_INSTRUCTIONS TO FOLLOW_
Search the listing below for the line containing "ethanmeints's tweet image.". From there through the line containing "A136-0282 cable de", transcribe every line exactly, both ends included.

*** Opening MATERIAL TO PROCESS ***

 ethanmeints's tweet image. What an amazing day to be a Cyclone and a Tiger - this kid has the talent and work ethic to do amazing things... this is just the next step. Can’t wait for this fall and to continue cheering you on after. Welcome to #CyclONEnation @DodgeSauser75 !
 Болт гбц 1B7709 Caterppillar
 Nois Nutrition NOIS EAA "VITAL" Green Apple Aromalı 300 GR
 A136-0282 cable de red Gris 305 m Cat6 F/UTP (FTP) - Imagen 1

*** Closing MATERIAL TO PROCESS ***
*** Opening MATERIAL TO PROCESS ***

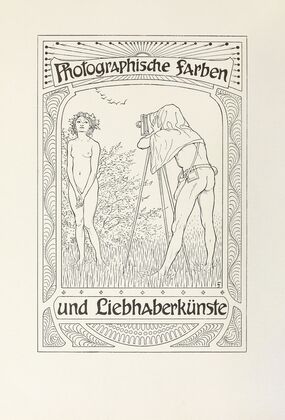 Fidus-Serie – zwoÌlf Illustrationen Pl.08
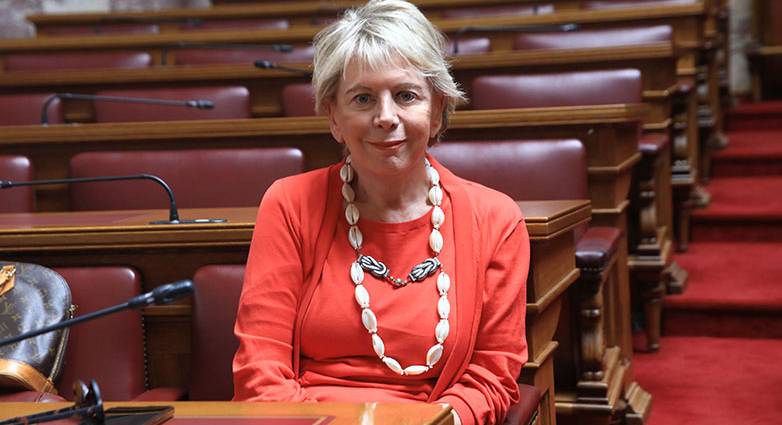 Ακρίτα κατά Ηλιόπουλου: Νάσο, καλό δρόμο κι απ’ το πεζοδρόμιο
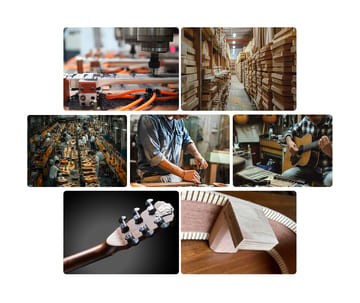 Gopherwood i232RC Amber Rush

*** Closing MATERIAL TO PROCESS ***

_TASK OUTPUT_
 ethanmeints's tweet image. What an amazing day to be a Cyclone and a Tiger - this kid has the talent and work ethic to do amazing things... this is just the next step. Can’t wait for this fall and to continue cheering you on after. Welcome to #CyclONEnation @DodgeSauser75 !
 Болт гбц 1B7709 Caterppillar
 Nois Nutrition NOIS EAA "VITAL" Green Apple Aromalı 300 GR
 A136-0282 cable de red Gris 305 m Cat6 F/UTP (FTP) - Imagen 1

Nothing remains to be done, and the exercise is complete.